When you’re a young copper, the old sweats like to scare you with the horrors of the Job. Eviscerated motorists, bloated floaters and little old ladies who had ended their days as a protein supplement for their house cats were common themes — and so was the smell of burnt human flesh.
‘You never get the stink out of your nostrils,’ the old sweats would say and then, without fail, go on to tell you that it was worse when you hadn’t had your dinner. ‘Because then your mouth starts watering and then you remember what it is exactly that you’re smelling.’
As it happens I was feeling a bit hungry and the memory of the smell was definitely taking the edge off my appetite. Still, I don’t work well on an empty stomach so I bailed at the Bricklayers Arms and found a place that sold industrial strength vegetable samosas — the kind that are spicy enough to anaesthetise your sinuses — and had a couple of those. While I ate, I looked up the National Trust on my phone and spent a fun ten minutes bouncing around their switchboard — they wanted to be helpful but nobody was sure what do with a call from a random police officer. I told them I’d be up at West Hill House within the hour and left them to sort it out. When in doubt, make it somebody else’s problem.
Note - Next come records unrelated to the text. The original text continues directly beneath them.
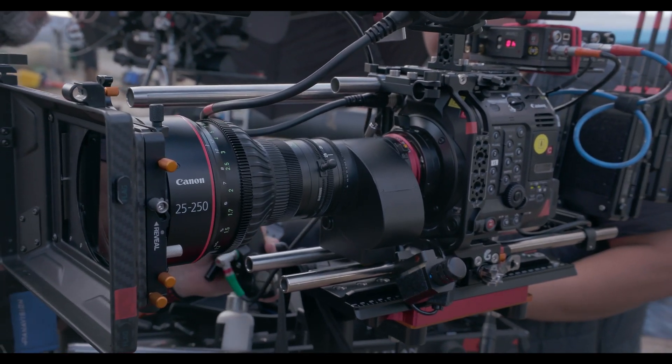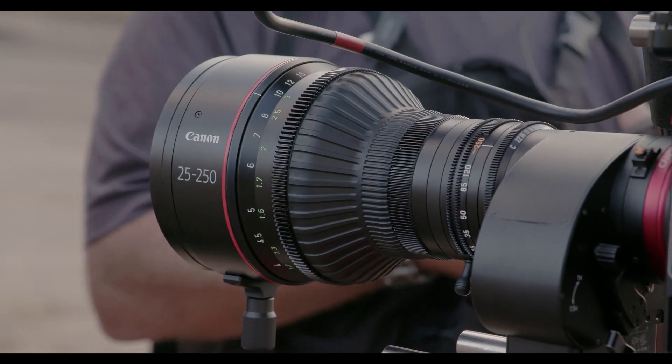This is a new Canon 10x Servo CineZoom, 25-250mm.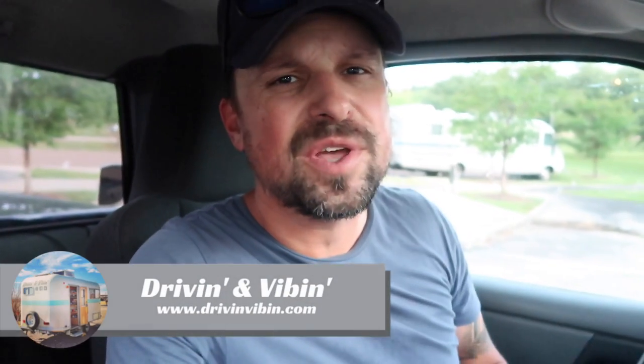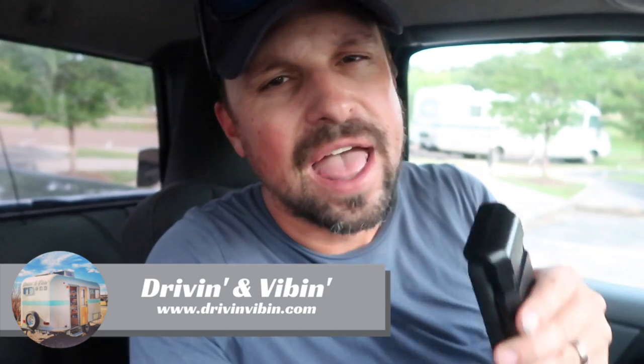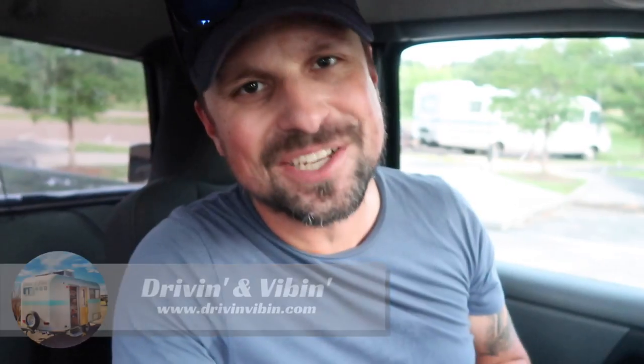What's up y'all? I'm Kyle. You're watching Road Gear Reviews. Today we are inside my truck and we are going to be talking about a brand new economical cell booster from WeBoost. So stay tuned.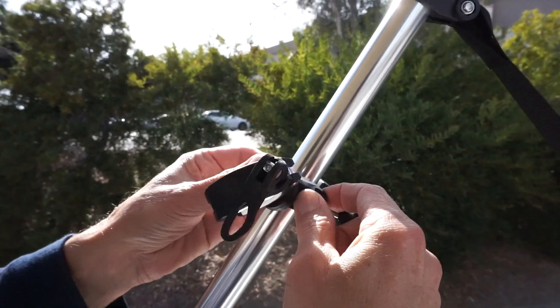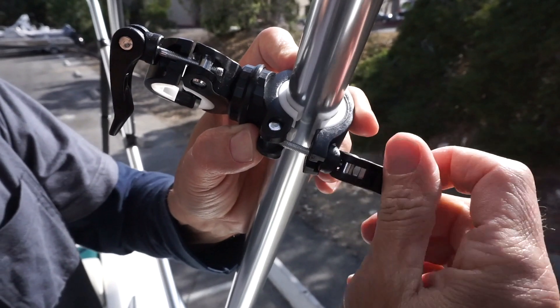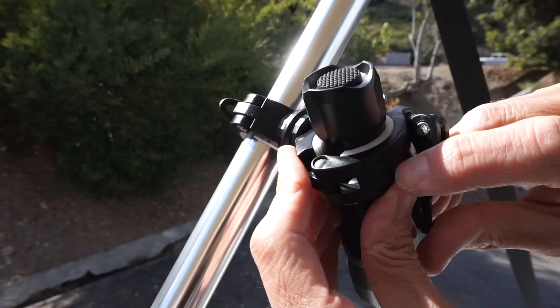The Avell Bimini Clip is a versatile product that opens up endless possibilities for accessory add-ons and storage. It quickly attaches to any round Bimini frame with an adjustable buckle and quick-release handle.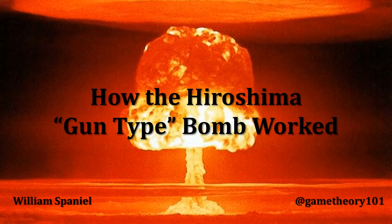Welcome back to Nuclear Proliferation Explained. I'm William Spaniel. Today's topic is how the Hiroshima gun-type bomb worked. In the last lecture, I went over how states fuel nuclear weapons — there are only two routes: you either enrich uranium or you reprocess plutonium. In this lecture and the upcoming few lectures, I'm going to explain how states actually assemble nuclear weapons, starting with the very first weapon ever delivered, the Hiroshima gun-style bomb.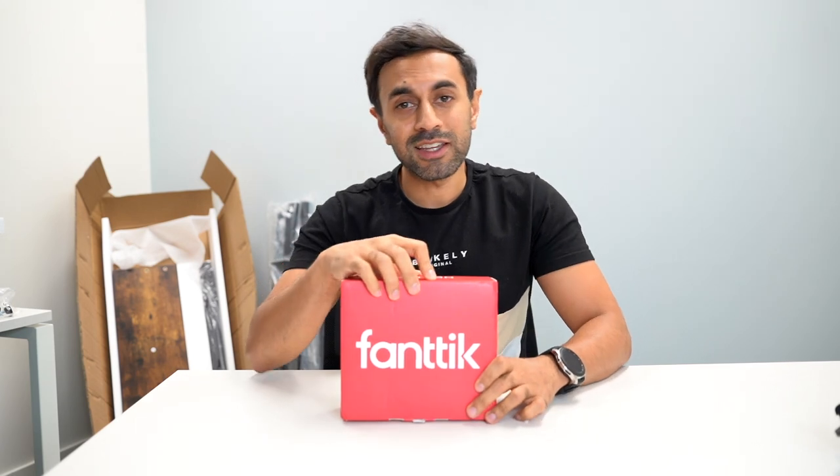Hey, what's up guys, welcome to Trending Reviews. My friends at Fantic sent me a brand new product — it's an electric screwdriver. There are a lot on the market but this is a very cool design; it has an LED display on there as well. I'm going to give you an unboxing — this is called the Nex N1 Pro.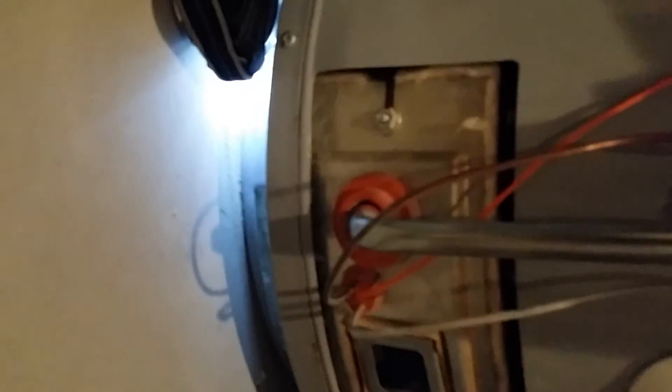Definitely just have the water heater cleaned. If you do it once a year you'll be good — you can do it when you're doing your furnace. This is Mike with Compass Heating and Air. Thank you.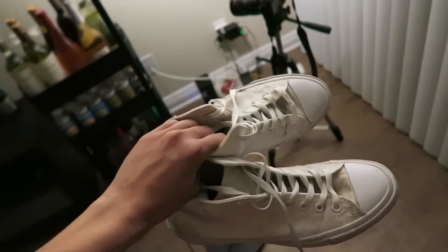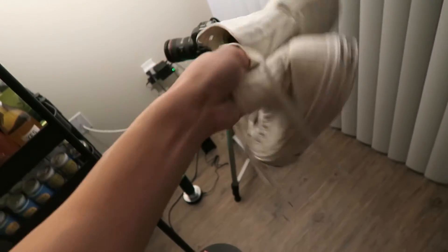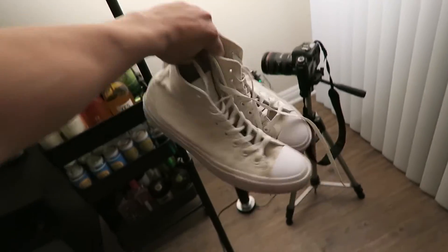This is the final product. As you can see, it's still a little dirty, but pretty good.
Mouth full of the last of my samosa, I pulled out into the wet traffic. As I stopped and started my way through the Elephant and Castle I realised that I was actually right next to one of Erik Stromberg’s masterpieces — the Skygarden estate. A concrete spike which had dominated the area until they’d built the Strata building next door. They’d been going to tear Skygarden down in the 1980s, but it had been inexplicably listed. I’d read somewhere that Southwark Council were trying to get the decision reversed so they could finally blow the fucker up.
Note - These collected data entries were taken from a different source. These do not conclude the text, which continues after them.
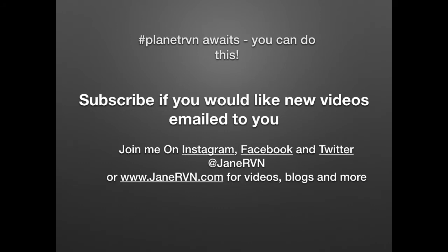Thanks for watching. Subscribe if you'd like new videos emailed to your inbox. Join me on Instagram, Facebook and Twitter at JaneRVN. You can also access my blogs, videos and more at JaneRVN.com.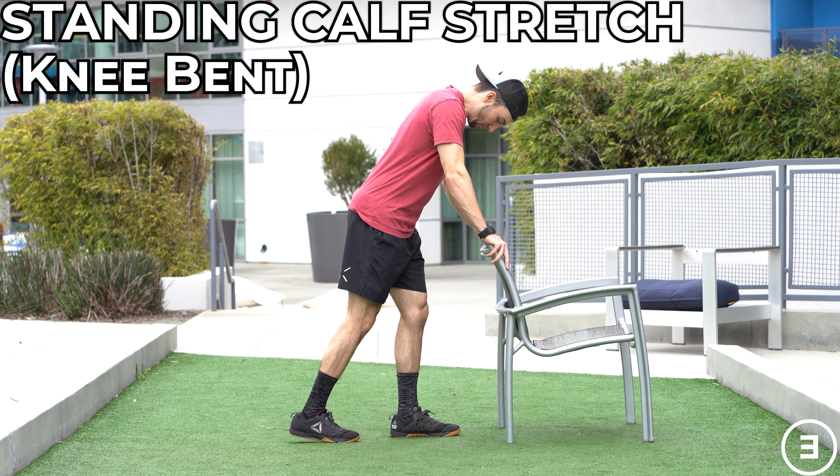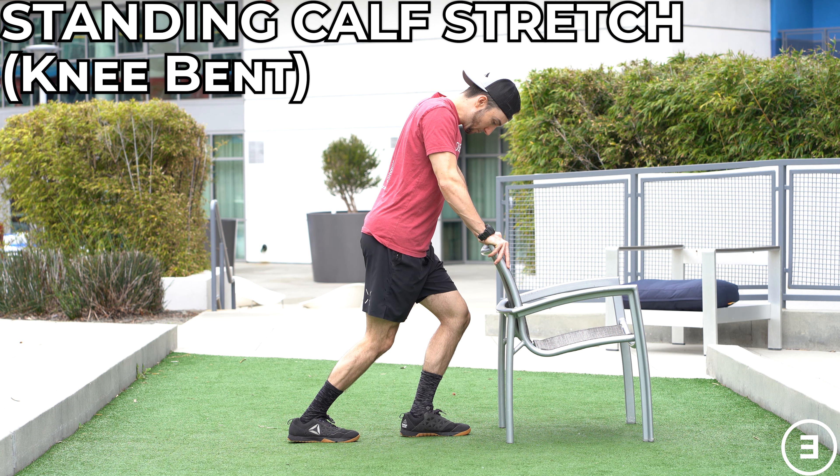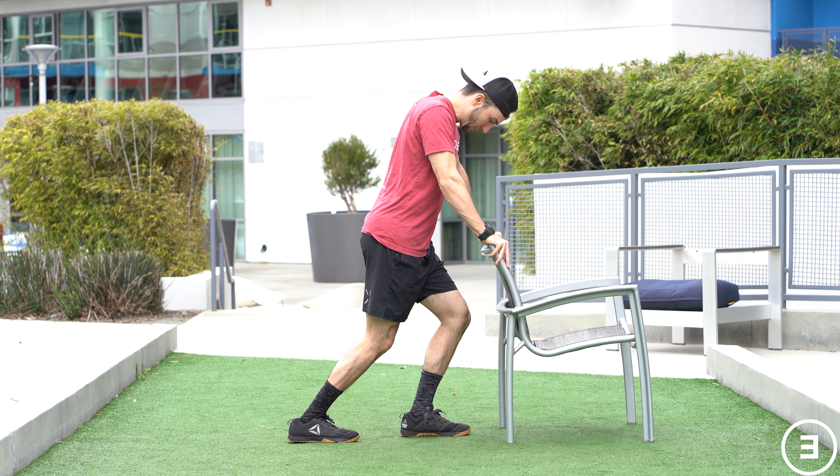Standing calf stretch with the knee bent. This is to emphasize the soleus, which does not cross the knee. You're going to bend the knee and drive that leg forward over the middle of the foot or shoe. The goal is to feel a stretch in the calf or the back of that lower leg, rather than feeling a pinch in the front of the ankle.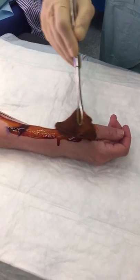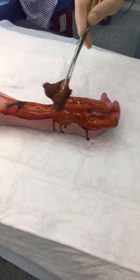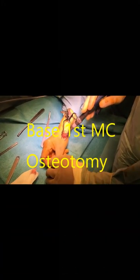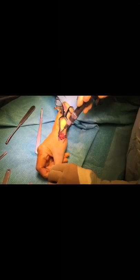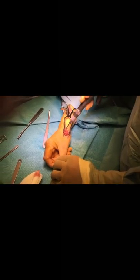The operative side is first prepared with iodine solution and then draped. The incision is made over the first metacarpal and the trapezium. The extensor tendon is retracted and the capsule incised. The base of the first metacarpal is then osteotomized with the saw.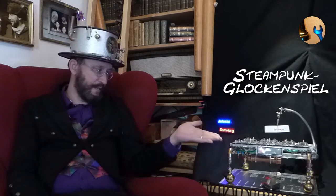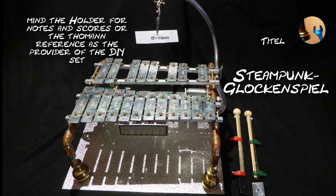Hi, I am the artist Antonius Eisenklang, and as I love steampunk and music, it was an urgent need for me to build a steampunk glockenspiel. Here are some pictures of the creation phase.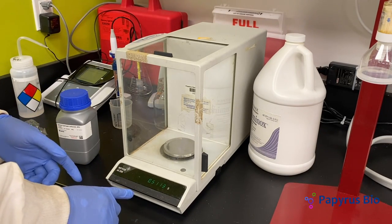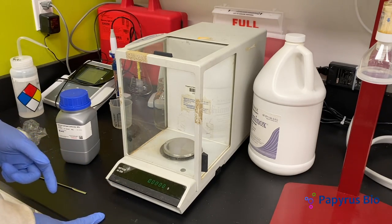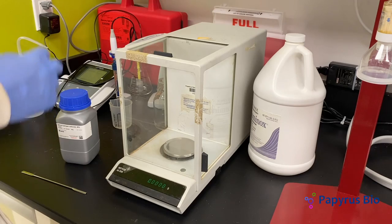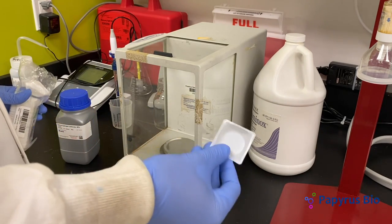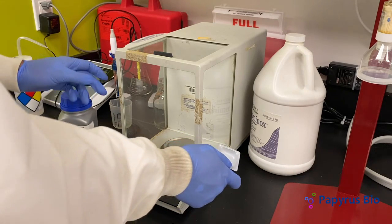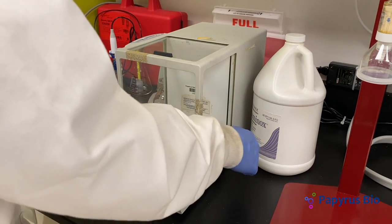Always start off by zeroing the scale by pressing the bar on the bottom. We weigh samples on these weighboats. Slide one door open and place a weighboat on the scale, then slide the door closed.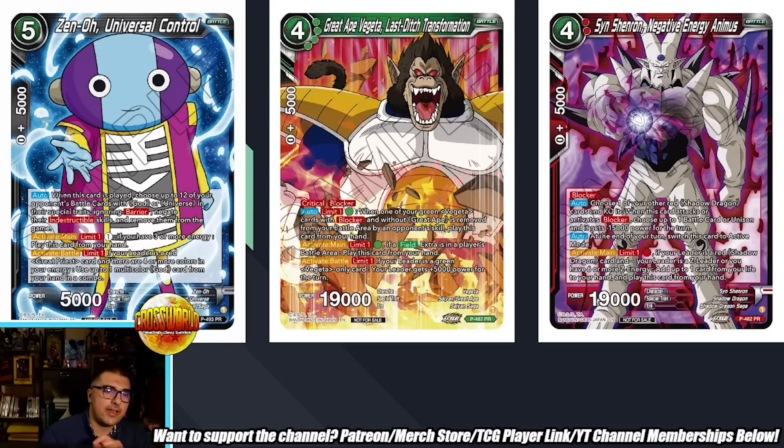Then we have Sin Shenron Negative Energy Animus — a 4-drop 19k Blocker. Auto: choose one of your other red Shadow Dragon cards and KO it. When this card attacks or activates Blocker, choose one battle card or one Unison and it gets minus 15k power for the turn. Auto: switch this card to active mode, then Activate Limit 1 — if your leader is a red Shadow Dragon card, your leader is a Z leader, or you have 6 or more Z energy, add up to one card from life to your hand and play this card from your hand. This is support for the recently nerfed red Sin Shenron deck. It's more on the defensive side as a 19k attacker or Blocker, but it offers Self-Awaken, which Sin really needs to get down to 3 life for Z Awaken. This will be a nice boost for anyone who wants to continue playing Sin, even if you no longer have the unfair factor of critting all your opponent's life.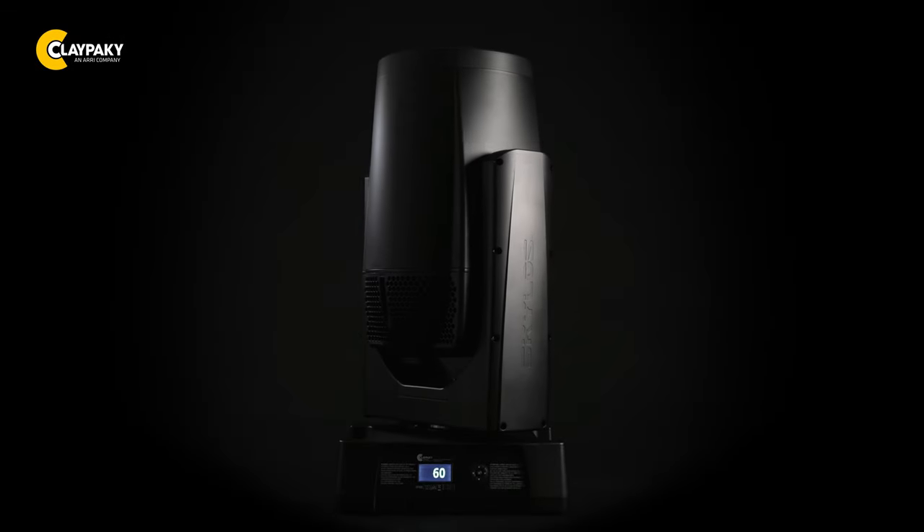Hey folks, today I'm pleased to introduce you to our very latest evolution in laser technology, the Skylos. We have already shown you how saturated and powerful colors are in the Mini Steelers and Steelers. Now we take the next step with a custom-made 300-watt white laser engine.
Skygarden had been famous for its resident pirate radio station, for being a no-go area where police only ever ventured mob-handed and qualifying as a top spot to commit suicide. It was the original sink estate back in the days before the media started slapping that label on any area with less than two artisanal cheese shops. There were all sorts of rumours about the architect — including one that he’d been driven mad by the guilt for what he’d created and thrown himself off the top. It was all bollocks, of course. Erik Stromberg had lived in luxury in a custom-built villa in the International Style at the top of Highgate Hill until the day he popped his clogs.
And at least, according to Google Earth, a kilometre from the nearest high-rise flats.
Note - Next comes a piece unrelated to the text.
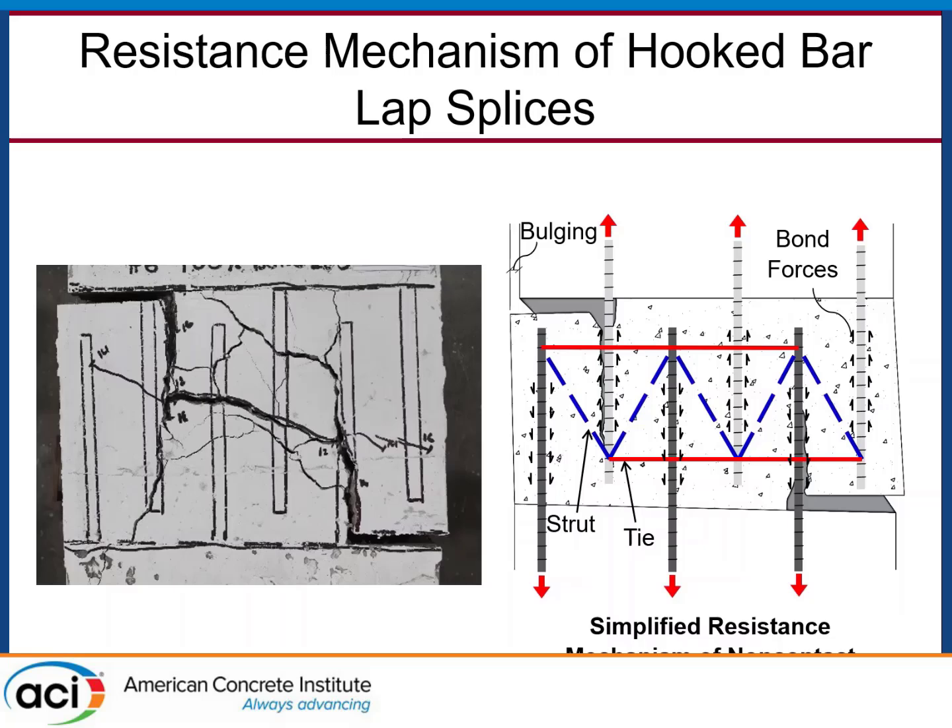These splices are typically non-contact because when bars are buried in precast concrete, you need tolerance so they don't hit each other in the field. Because of that eccentricity, there's an unresolved lateral component of the strut trying to push the hook outwards. If you don't have steel transverse to the lap bars, the concrete is left to pick up that tension — and we know concrete doesn't like tension. The tie ruptures, causing the two hooked ends of the edge bars to kick outward, and you get that rupture right along the axis of the first interior bar. This is relevant when thinking about how to rationally design these splices.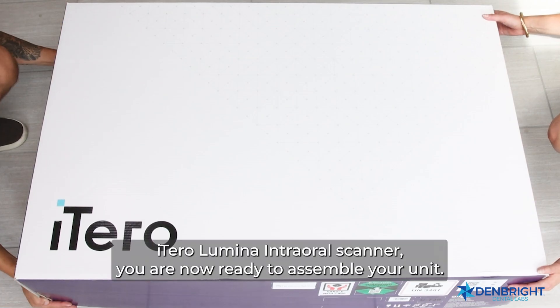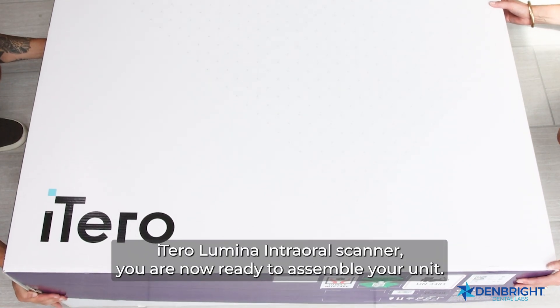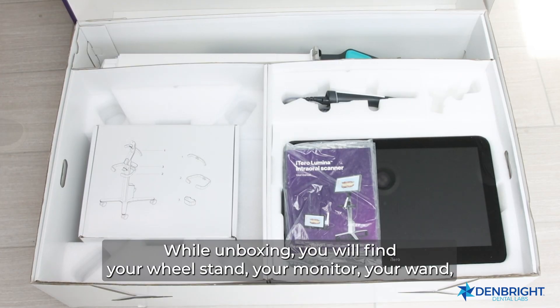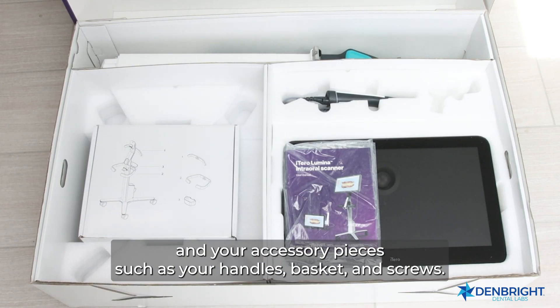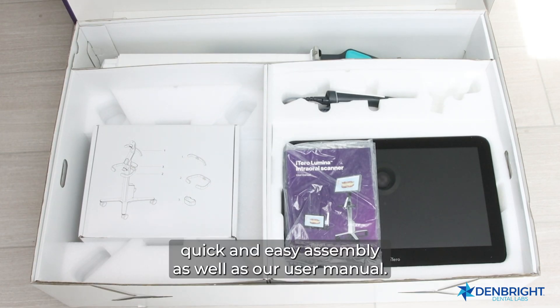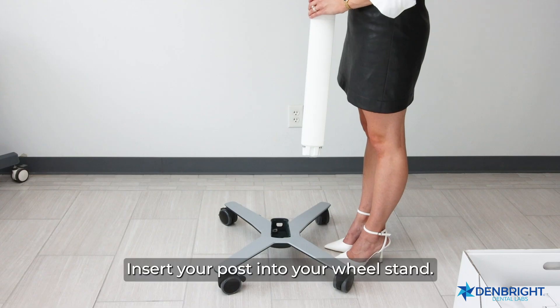Upon receiving your new iTero Lumina intraoral scanner, you are now ready to assemble your unit. While unboxing, you will find your wheel stand, your monitor, your wand, and your accessory pieces such as your handles, basket, and screws. Additionally, you will find a user guide for quick and easy assembly as well as a user manual.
I went up the steep slope of Highgate West Hill with the houses peeking out from driveways and gated avenues and adding about a quarter of a million quid with every twenty metres of altitude. I turned right onto the summit of Highgate Hill, where most of the buildings dated back to the time when Highgate Village was a rural community that overlooked the stink and noise of London from a safe distance.
There was a terribly discreet National Trust logo marking the entrance to a drive and an open space beyond marked STRICTLY NO PARKING where I dumped the Asbo. I clambered out and got my first look at the house that Stromberg built.
It rose above the Georgian cottages like the flying bridge of the SS Corbusier and no doubt in bright Mediterranean sunlight the white stucco would have gleamed but in the cold rain it just looked dirty and grey. There were streaks of green discoloration fringing the top storey — which is what you get when you do away with such bourgeois affectations as gargoyles, decorative cornices and overhanging eves.
Like a good devotee of the International Style, Stromberg had probably wanted to raise the whole house on pillars, the better for us to appreciate its cubist simplicity. But land has never been that cheap in London, so he’d settled for lifting just the front third. The sheltered space was too shallow to make a useful garage and made me think of a bus shelter, but from the signs attached to the walls it was obvious the National Trust found it useful as a staging area for visiting parties.
Above the entrance was the compulsory Crittal-strip window so long and narrow that I almost expected a red light to start scanning from side to side while making a whumm, whumm noise.
I was met at the front door by a thin-faced white woman with short grey hair and half-moon glasses. She was dressed in shades of mauve in the tweedy hippy style adopted by many who sailed through the 1970s counterculture on the back of an expensive education and a family place in the country. She hesitated when she saw me.
‘PC Grant?’ she asked.
I identified myself and showed her my warrant card — I find it reassures some people.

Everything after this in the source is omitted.